“The things I could not forgive, you could not do!”
This made him glow. After all, who would not confess anything, to be met by such confident love as this?
“This happened long ago, Amy; when I was nineteen. I forged a check for five hundred dollars.”
“Forged!” Her lips fell apart; she sat staring at him.
He was holding her hand, lifting it to his lips sometimes, and looking at it as it lay in his. He went on, quietly:—
“It was when I was at college; I needed money; and—poor, desperate, wicked, silly young man—I forged Professor Wilson’s name. I don’t know what I supposed would become of me when it was found out. And I don’t know what would have become of me, but Henry Wilson died before the month was out, and so, by some strange chance, it never was discovered. If it had been—well, you and I would not have been here to-day. Human justice would have interposed before Divine mercy”—He looked up with a solemn elation which seemed to put self out of his mind. “I might have gone lower and lower! Who can say? It was an easy thing to do, for I was his secretary, and he trusted me. That, of course, was the most horrible part of what I did, the part that now seems to me incomprehensible—the broken trust! Well, of course, I made reparation, as I called it, out of the money he left me. I gave away many times the amount I stole; but it was only because I was scared at the risk I had run, and the thought of it harassed me. It was a sort of expedient morality, you know; a sort of bargain with my conscience for peace of mind. Then, about a year afterwards, I met X——. I heard him preach, and life changed. How extraordinary it seems to look back upon it now! Then I repented.
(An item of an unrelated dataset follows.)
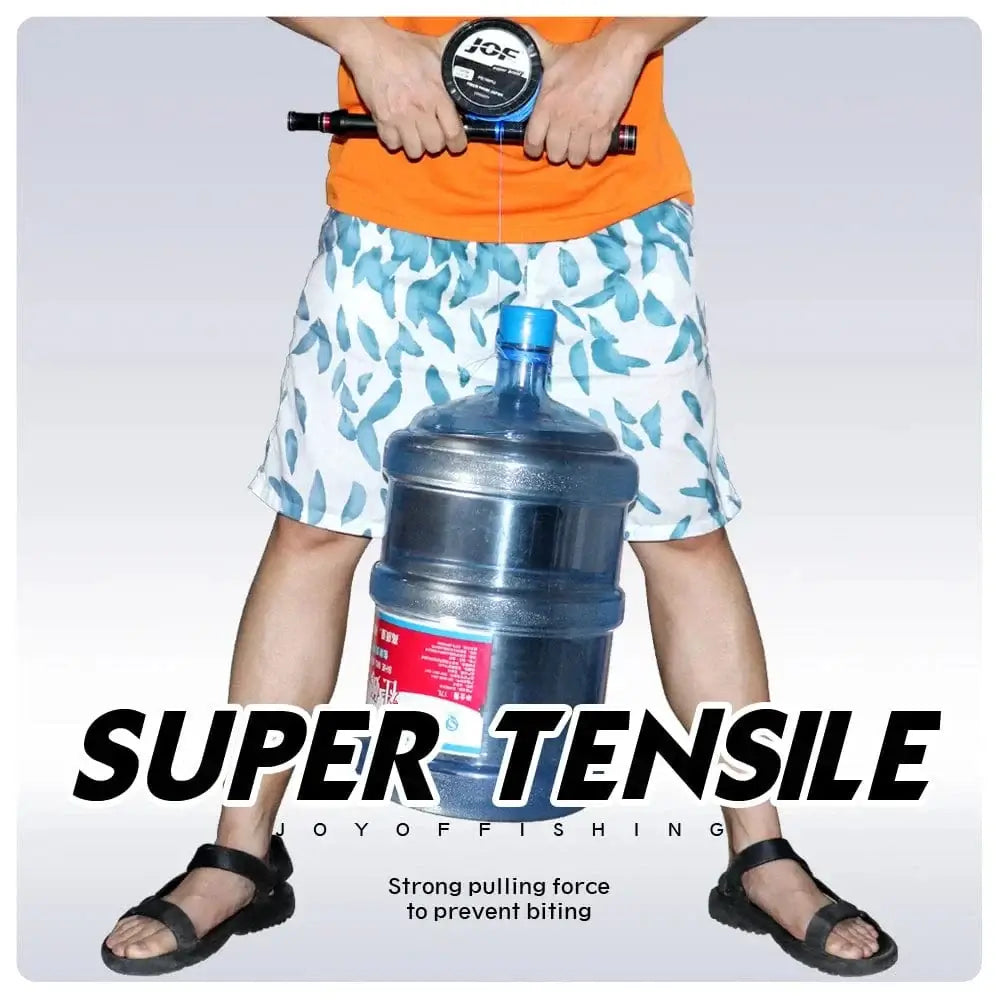 China China JOF 4 Strands Braided Fishing Line Multifilament 300M Carp Fishing 10-82lb Japanese Braided Wire Fishing Accessories Pe Line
Before, I had only reformed. That was when I entered the divinity school. But just think, Amy, just think of the difference! How life might have gone—yet here I am to-day, your lover, your husband. Oh, the mercy of God!”
He was deeply moved. He got up and walked the length of the room. Amy sat silently looking down at her hands in her lap. When he came back, his eyes were full of peace.
“That is all, dearest; now we will forget it. You know my life as you do your own.”
“Forget it?” she repeated, with a sudden, sobbing laugh, that tore at the man’s heart.